Steps for Batch Exporting EAD from ArchivesSpace using CURL (Windows Powershell) and REST API

1. Obtain Session Token from ASpace backend (9089) Using CURL

Command: curl -Fpassword=admin "[backend-url]/users/admin/login"

2. Copy Token from response and store as the variable $TOKEN

Command: $TOKEN = "8e5813109906328fd4ba1cf68be3435cb3b763b056f3d9ca2d992ccac9db794d"

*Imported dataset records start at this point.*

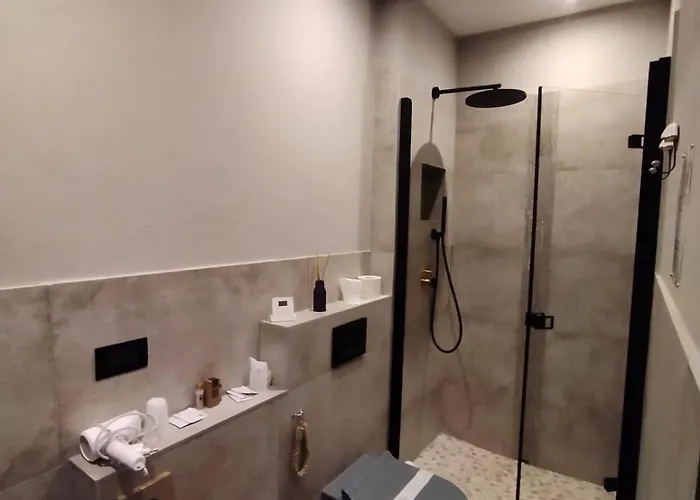 La Dimora Della Corte דירה פררה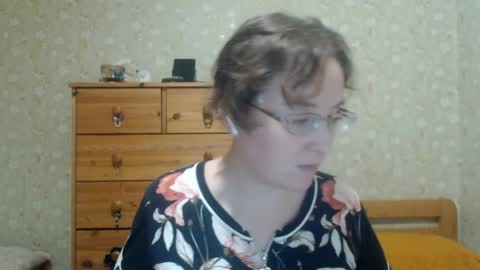 smart_rose online show from April 5, 9:47 pm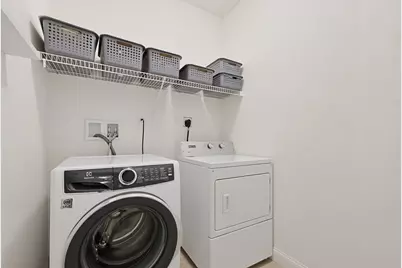 90 Greene St, Hopedale, MA 01747 - Photo 17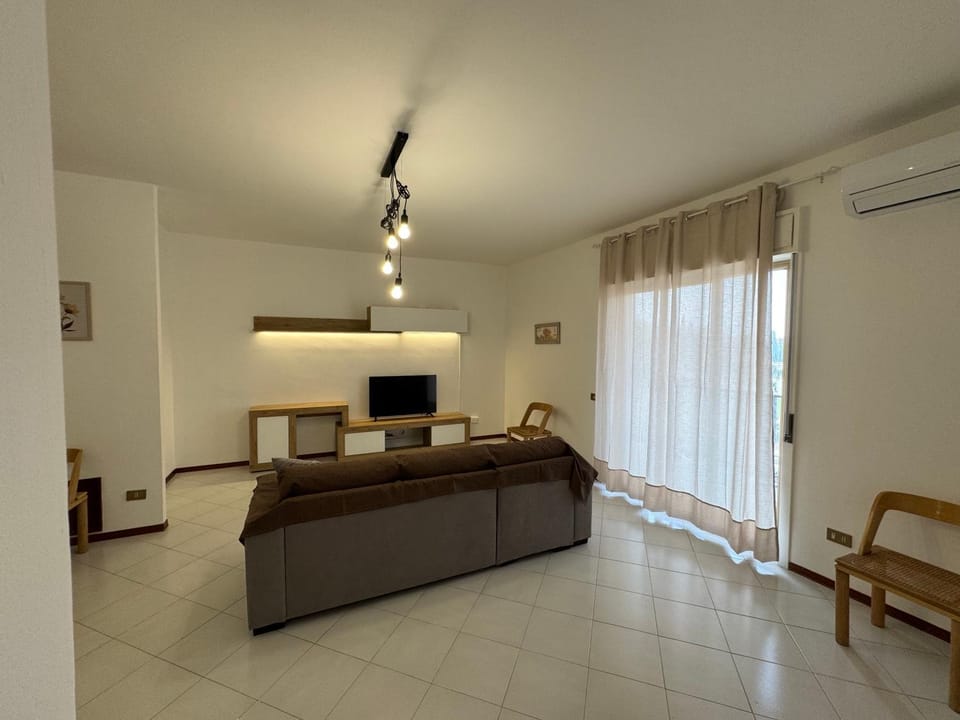Bed, Living room, Photo of the whole room, Seating area, air conditioner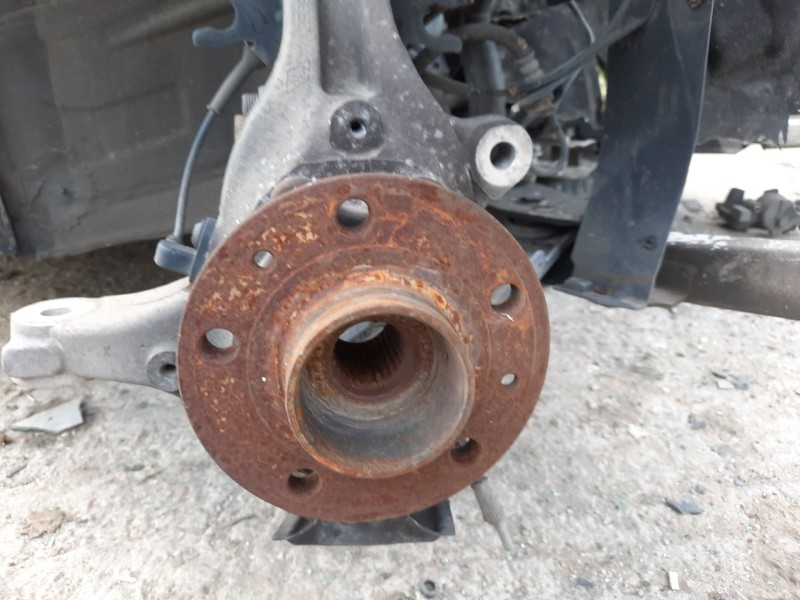 Recambio de mangueta delantera derecha para renault laguna coupe gt referencia OEM IAM   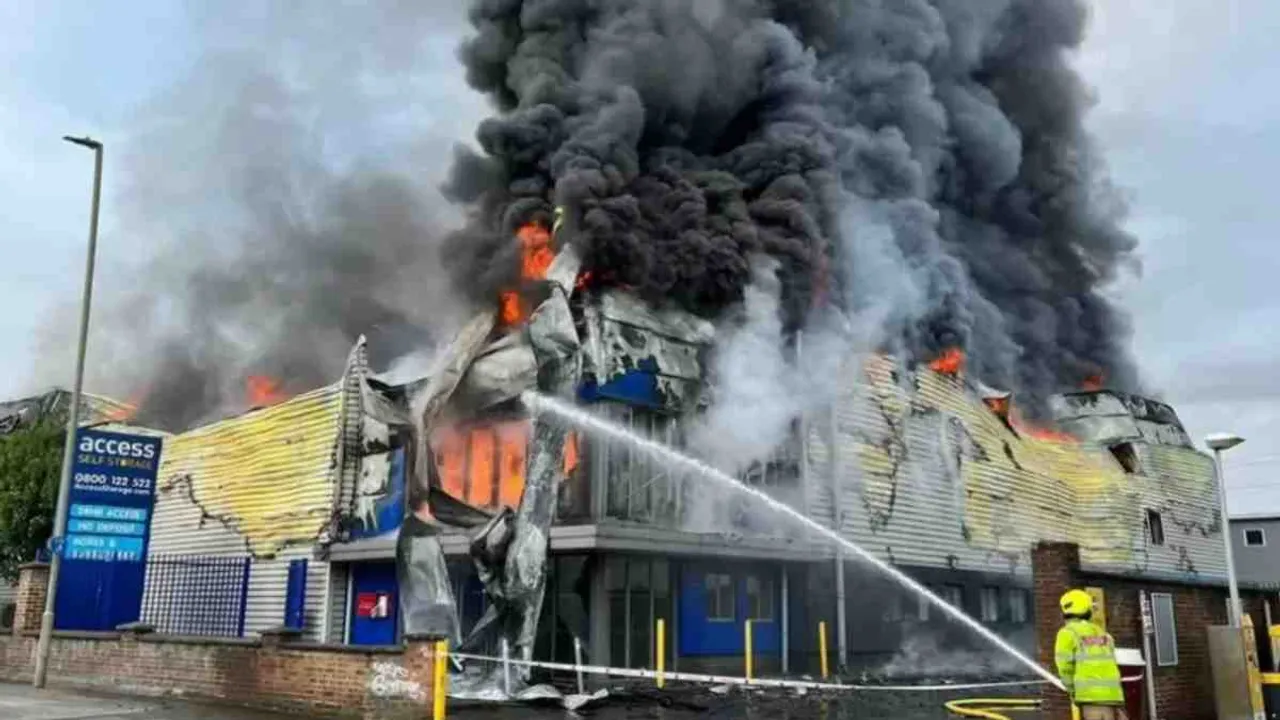 The aftermath of the devastating fire at the storage unit in Surrey
<br>
Image Credit: BBC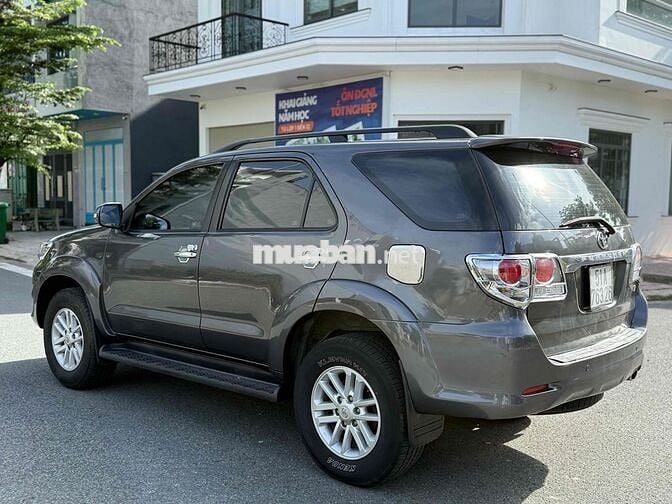 Toyota Fortuner 2014 tự động gd cực đẹp rẻ sẵn đi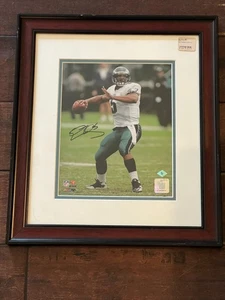 DONAVAN MCNABB SIGNED AUTO PHILADELPHIA EAGLES FRAMED CUSTOM 13" X 16" COA - Picture 1 of 6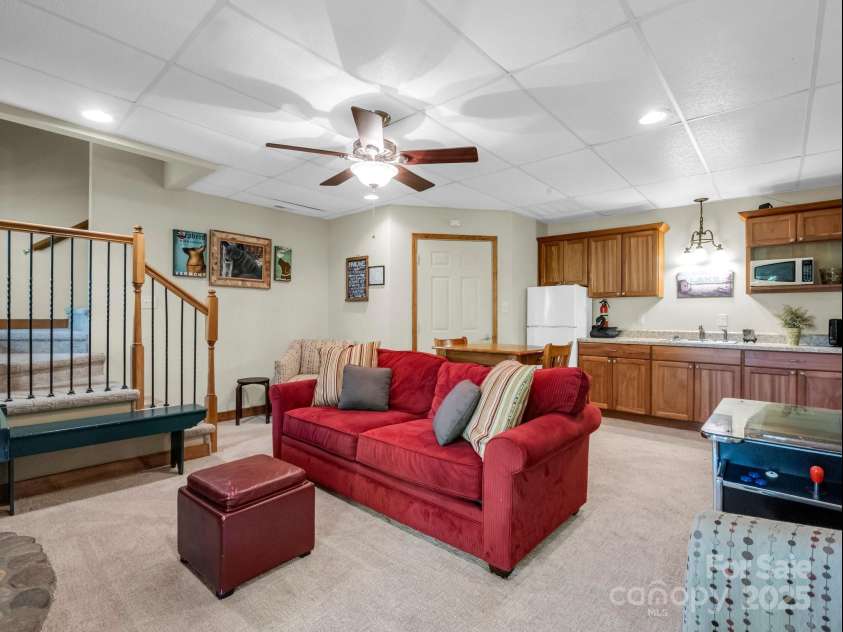 219 Highland Heights, Lake Lure, NC 28746.  MLS# CAR4172812, YatesRealty ID 7964. 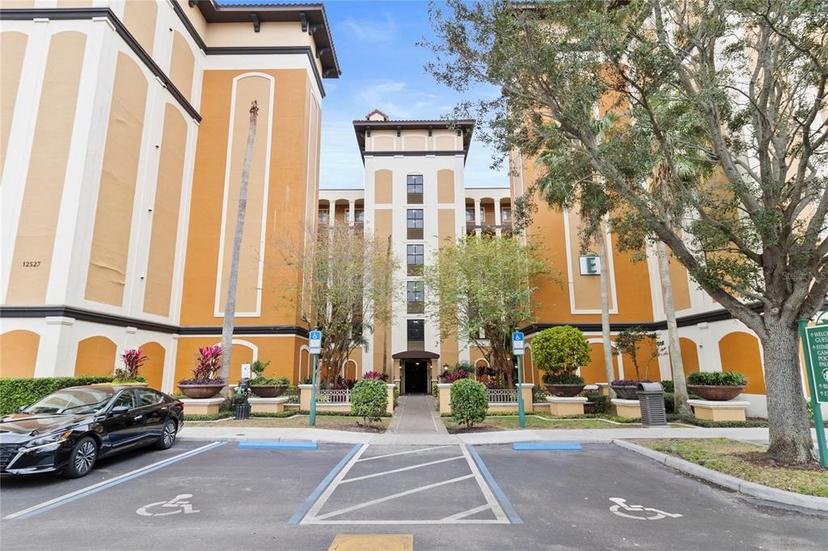 Picture of 12527 Floridays Resort Drive Unit E102, Orlando FL 32821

3. Obtain a list of resource record identifiers in the appropriate ASpace repository and store as a variable $IDs

Command: $IDs= curl -H "X-ArchivesSpace-Session: $TOKEN" "[backend-url]/repositories/[repository number]/resources?all_ids=1"

4. Replace brackets in list with braces using Powershell regex find and replace and re-save as $IDs variable

Command: $IDs = $IDs -replace '^\[(.*)\]$', "{`$1}"

5. Batch Export EADs to current directory by passing list of resource IDs stored as $IDs variable.

Command: curl --output "resource_#1.xml" -H "X-ArchivesSpace-Session: $TOKEN" "[backend-url]/repositories/[repository number]/resource_descriptions/$IDs.xml?numbered_cs=true&?include_daos=true&?include_unpublished=true"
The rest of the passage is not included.